======== EXERCISE DATA

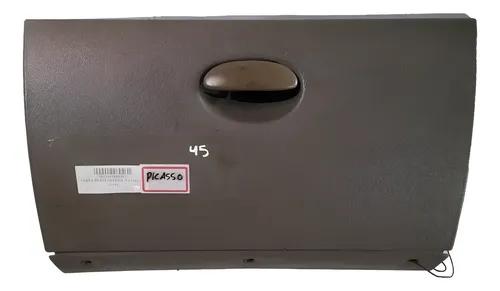Tampa Porta Luva Xsara Picasso 2001/2008 Original - Imagem 3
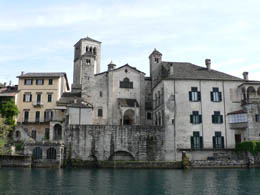 Island of San Guilio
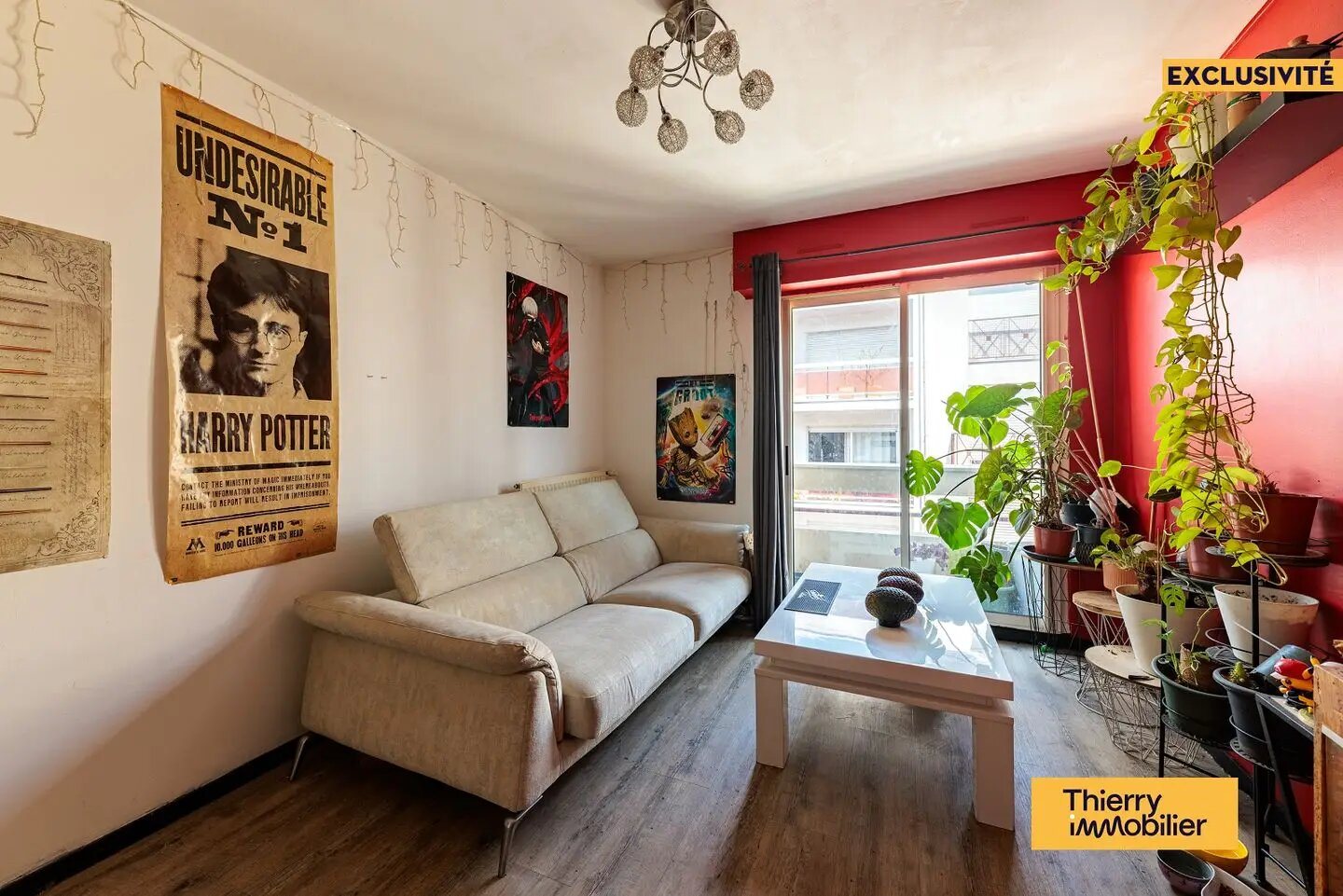 Appartement à vendre, 39m², Nantes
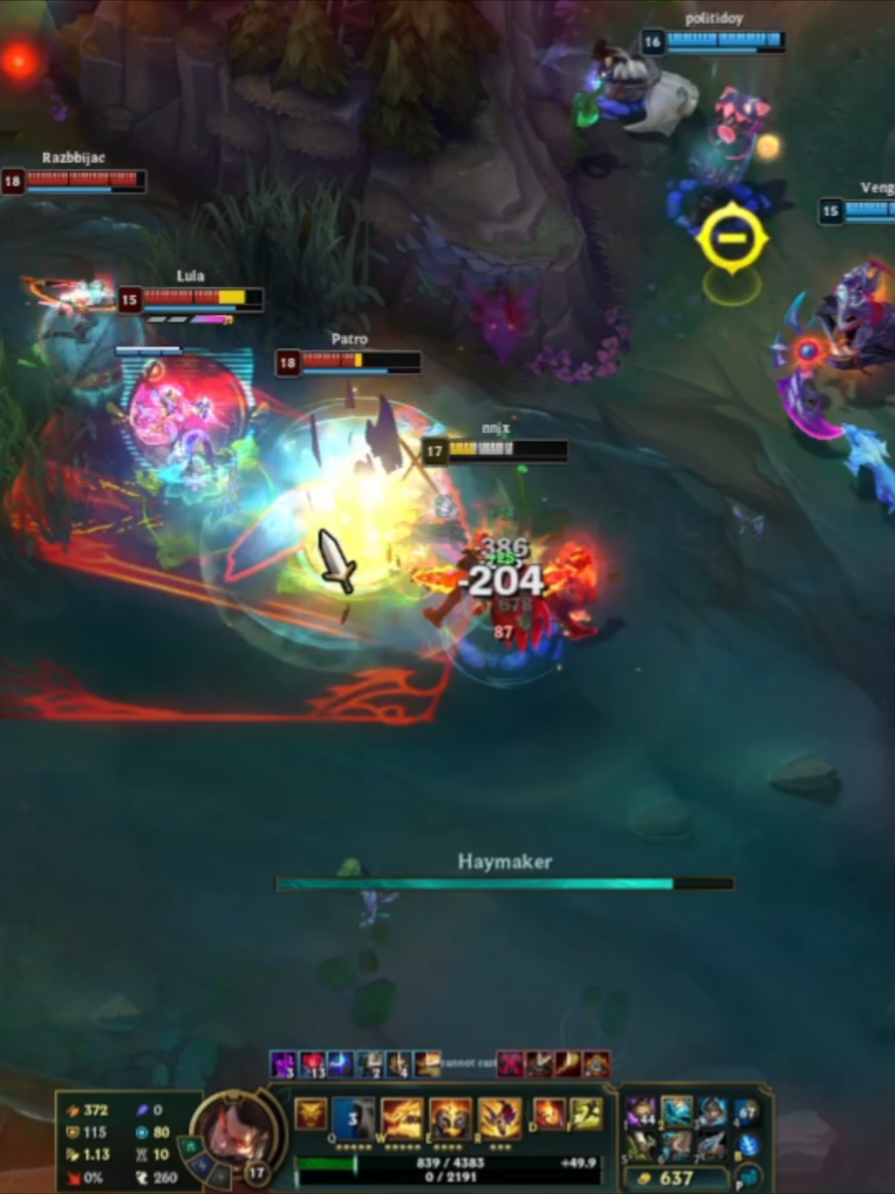 That WW pissed me off the whole game #settlol #settedit #settleagueoflegends #leagueoflegends #fyp #ليج_اوف_ليجند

================

A faithful transcription of the material, with no pictures, is the expected result.

◆ YOUR RESPONSE ◆
Tampa Porta Luva Xsara Picasso 2001/2008 Original - Imagem 3
 Island of San Guilio
 Appartement à vendre, 39m², Nantes
 That WW pissed me off the whole game #settlol #settedit #settleagueoflegends #leagueoflegends #fyp #ليج_اوف_ليجند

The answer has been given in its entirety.